“What is the difference between a québécois summer and an Algerian one?” you may ask.
These days, nothing really, except perhaps a few degrees and a humidex measurement. Your vegetable farmer has gone AWOL for a short spell, just long enough for a quick visit to the Numidian country from which he hails to take care of some administrative matters and to visit family members.
It had been a very long time since I last visited my home country in July.
Weather-wise, spring visits are ideal, early winter visits are do-able…but July! It felt like the heat had been waiting for me: it pounced, as soon as I exited the plane. Almost as if to remind me that nothing would/could be done with haste on this trip. It was going to be a slow burn.

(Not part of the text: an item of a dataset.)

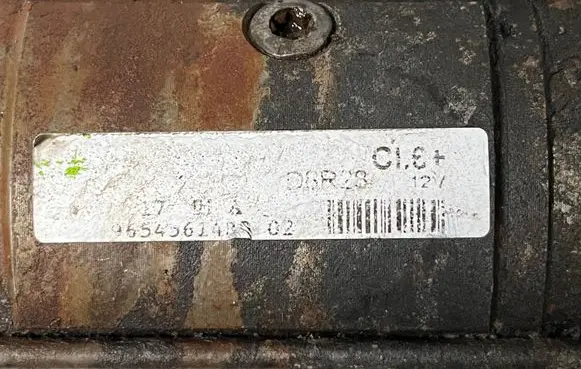 Citroen C5 Starter motor D8R28 965456148001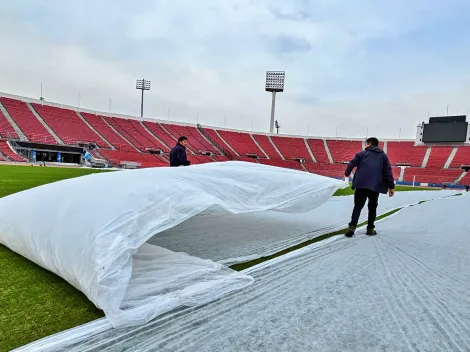 La cancha del Nacional es descubierta de cara al Clásico Universitario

That said, this interlude has convinced me that,
while on the one hand, one can indeed commit
a crime and blame the heavens,
as demonstrated by Mersault in Camus’s L’Étranger; on the other, there is nothing more flavourful and delectable than in-season fruits – which, these days in Algerian markets, include sweet and perfumed peaches, impossible-to-grow-in-Quebec Canary melons and torpedo-sized watermelons, a variety likewise impossible-to-grow-in-Quebec given their heft. In another note, I’ll wax lyrical re the merits of eating local and in-season. In the meantime, I am getting my fill of the summer smells and flavours of my childhood in a brief detour down memory lane.